If you reflect e^x at y=0. You just turn e^x negative and it reflects

On my homework it says the correct answer is 4 - e^x
But it makes more sense for me to say its 2 - e^x.
Can someone explain?
Graph those functions.
 
I did, 4 - e^x is reflected at y = 4
 
brycenrg said:
I did, 4 - e^x is reflected at y = 4

Does this mean you now understand what's going on ?
 
Last edited:
No :(. So if I want to reflect e^x at y = 5 i still do the same thing and add 5 and give it a reflection -e^x.
I don't see it
 
brycenrg said:
No :(. So if I want to reflect e^x at y = 5 i still do the same thing and add 5 and give it a reflection -e^x.
I don't see it

Let's go back to the original problem.
Reflect ex at y=2 .​

First of all, when I asked about graphing the function, I was referring to all three functions.
y = ex

y = 2 - ex

y = 4 - ex

The following procedure may help you understand the correct answer.

First shift y = ex down 2 units.

Then take the negative (take the opposite) of that.

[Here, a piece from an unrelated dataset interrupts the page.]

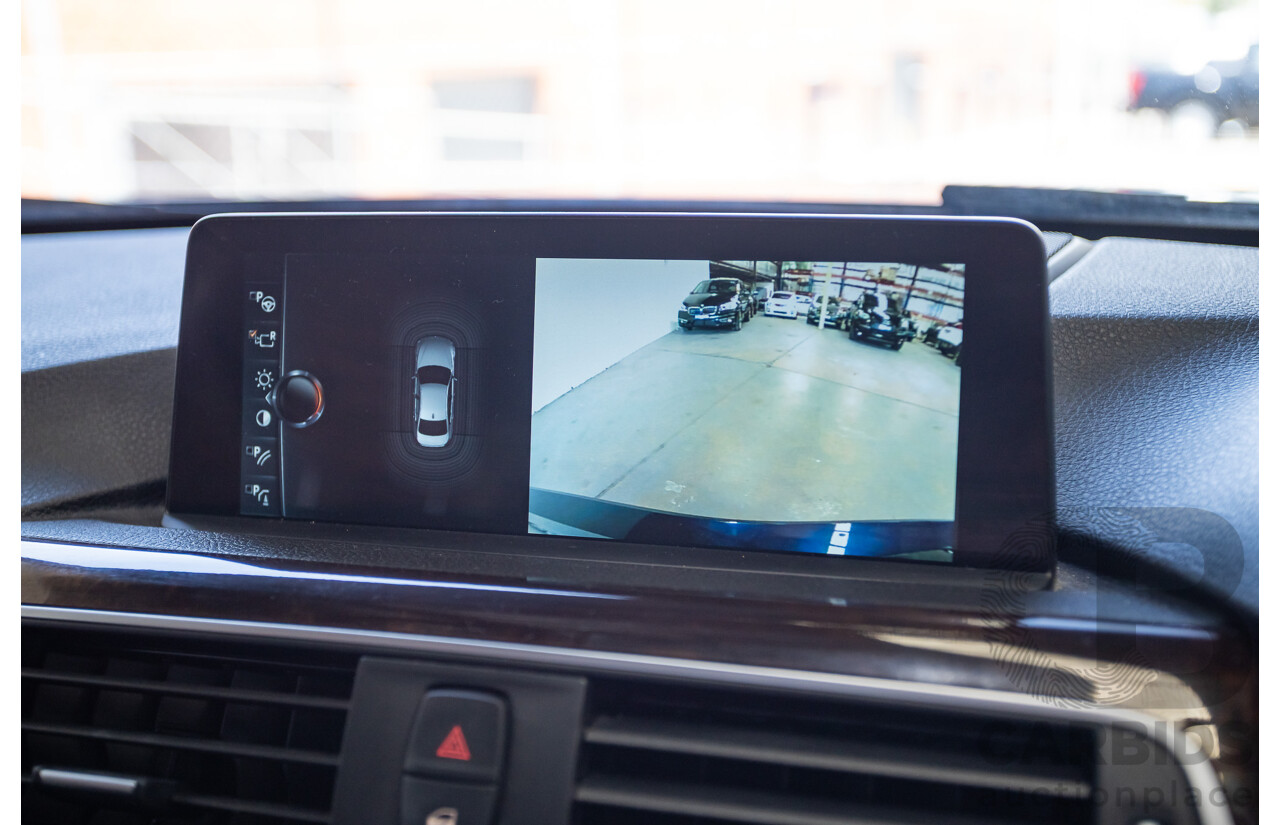 5/2017 BMW 320i Luxury Line F30 LCI MY18 4D Sedan Mediterranean Blue Turbo 2.0L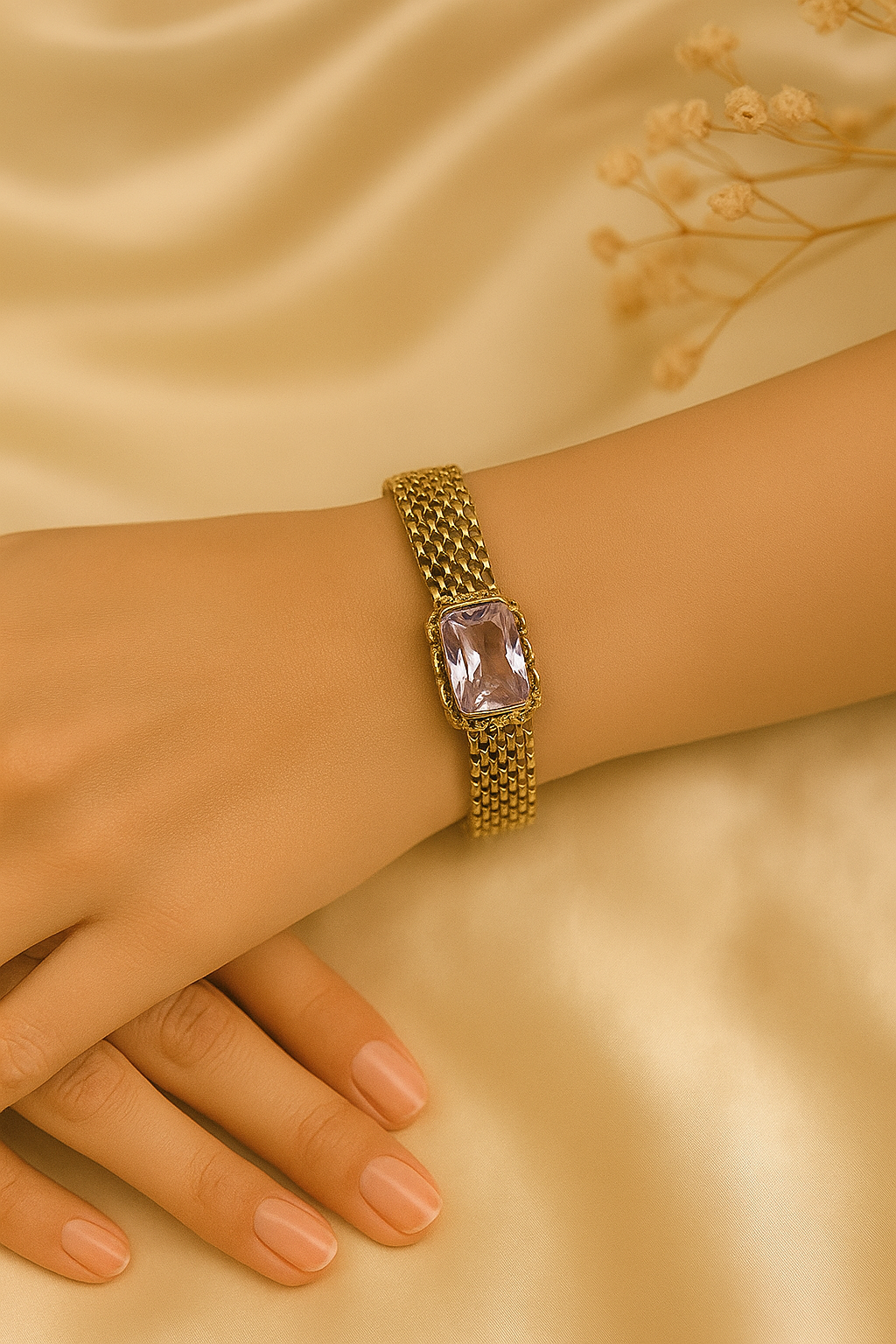 Gem Statement Bracelet | Anti-Tarnish Bold Beauty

Then shift the result up by 2 units.(This thread likely should be moved to pre-Calculus.)
 
brycenrg said:
No :(. So if I want to reflect e^x at y = 5 i still do the same thing and add 5 and give it a reflection -e^x.
I don't see it
It might help your understanding to think more in line with what's actually happening. You're reflecting the curve y = e across the horizontal line y = 5. When you say you want to reflect e^x at y = 5, I'm not sure you're understanding how this reflection is working.
 
@brycenrg: You need to understand the concept of reflection. See http://www.mathsisfun.com/geometry/reflection.html

Looking into a mirror, you see your image behind the mirror at the same distance as the distance between you and the mirror.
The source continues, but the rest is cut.